Within the past week I have attended two county meetings conducted by the consultants chosen by the county to assist in the development of the Growth Management Plan. These meetings were designed to provide citizen input to the current Growth Management Plan. While I was disappointed in the citizen participation in the Harlem area, the Evans area meeting was standing-room only. I was encouraged by the comments provided by the citizens who participated in both meetings.
Most of these citizens had praise for the growth management planning process the county had undertaken. Many had exceptionally innovative and creative suggestions for inclusion in the planning process.

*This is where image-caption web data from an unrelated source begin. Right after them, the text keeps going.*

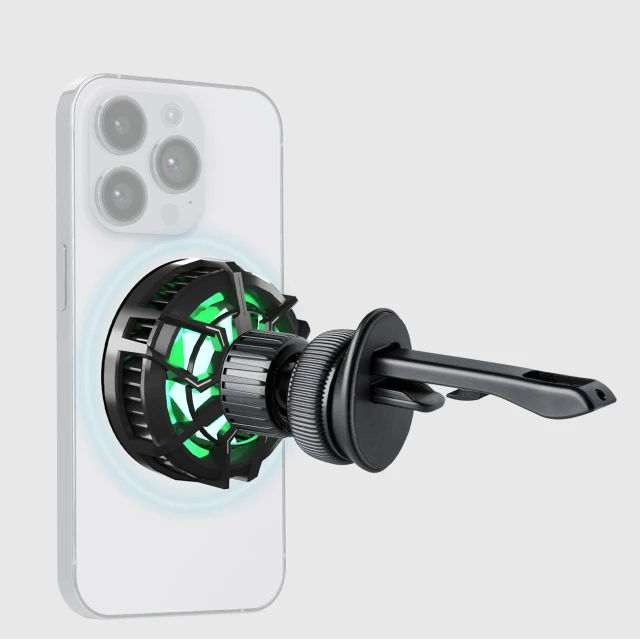 Автотримач SBS з бездротовою зарядкою 15W на дефлектор з охолодженням Black with MagSafe (8018417452086)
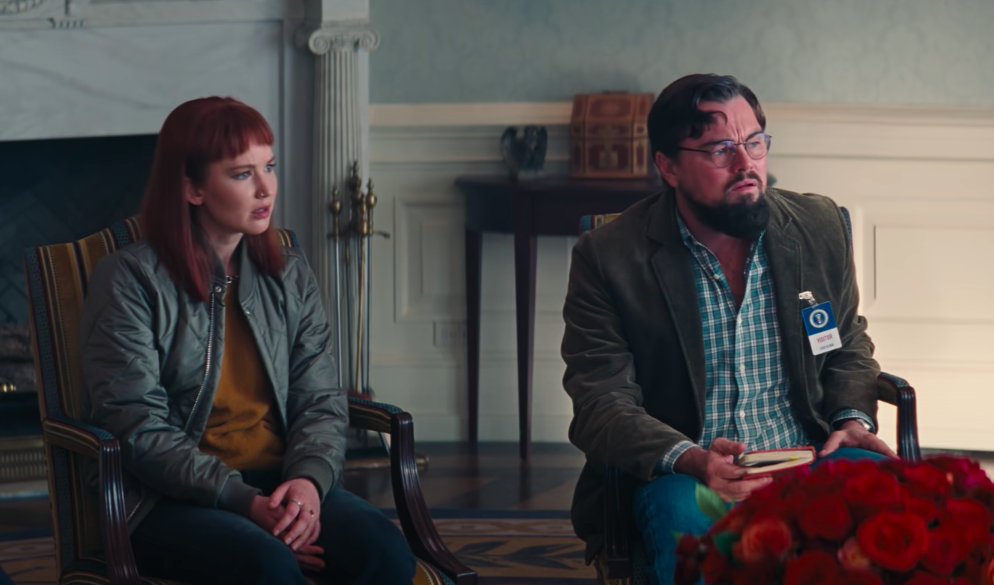 In Don't Look Up, Jennifer Lawrence and Leonardo DiCaprio play a pair of astronomers who discover a devastating comet (Screengrab/Hyperobject Industries and Bluegrass Films)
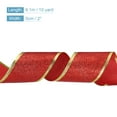 thumbnail image 2 of Unique Bargains Christmas Polyester Ribbon 2' 10 Yard Glitter Ribbon Gold Iron Wired Edge Easy to Shape DIY Crafts Red, 2 of 7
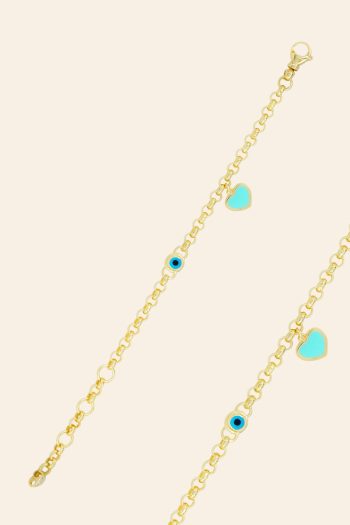 Altın Kalp ve Nazar Boncuklu Çocuk Bileklik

While I was impressed with this input and enthusiasm for the quality of life in Columbia County, I became concerned with the concept of implementation.
You see, all of the planning and citizen input in the world is moot if the county commissioners choose to ignore the plan. This plan, required by the state, has cost the county (actually the taxpayers) several hundred thousand dollars and has involved 30 private citizens, designated by the commissioners, in a one-year commitment to develop a five-year plan to govern growth in the county. Yet, the county commissioners want to use the plan as a guide, not as policy.

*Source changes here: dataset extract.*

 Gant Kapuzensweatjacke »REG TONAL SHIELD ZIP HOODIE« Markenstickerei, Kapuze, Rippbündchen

I have been present in a number of County Commission meetings where zoning and land use was to be determined. I have seen our commissioners virtually ignore the Growth Management Plan currently in place, as well as the recommendations of our Planning Commission Board (also appointed by our commissioners) in favor of developers who wish to shoehorn commercial development into established neighborhoods.
Frequently, these accommodations for developers are made without the required setback provisions designed to buffer the transition between commercial enterprise and residential neighborhoods. This allows the developer to utilize the entire property, butting it up to established neighborhoods as opposed to providing transitional step-down development from single-family housing, to multi-family housing, to professional, to commercial, as called for in the Growth Management Plan.
The point I would like to make is, if the county is required to go to the expense of developing and garnering citizen input to a Growth Management Plan in the county, where then are the policy requirements (or citizen outrage) that demand the commissioners comply with this plan? Yes, I am fully aware the state allows the plan to be only a guide and not law, but who will hold the commissioners accountable to comply with the citizens and Steering Committees direction and guidance if there is no policy or pledge from the commissioners to abide by the plan?
Maybe it is time we develop policy that ensures the commissioners comply with the citizens expressed direction for growth in the county.
In the most recent citizen input meeting to the Growth Management Plan, held in Evans on June 28, the citizens overwhelmingly identified mitigating traffic congestion and the preservation of single-family neighborhoods (from intrusion of commercial development) as their primary concerns.
While these may not have been in the same order of priority as those identified by the current Growth Management Planning Steering Committee, it would appear the citizens have spoken. Are the commissioners listening?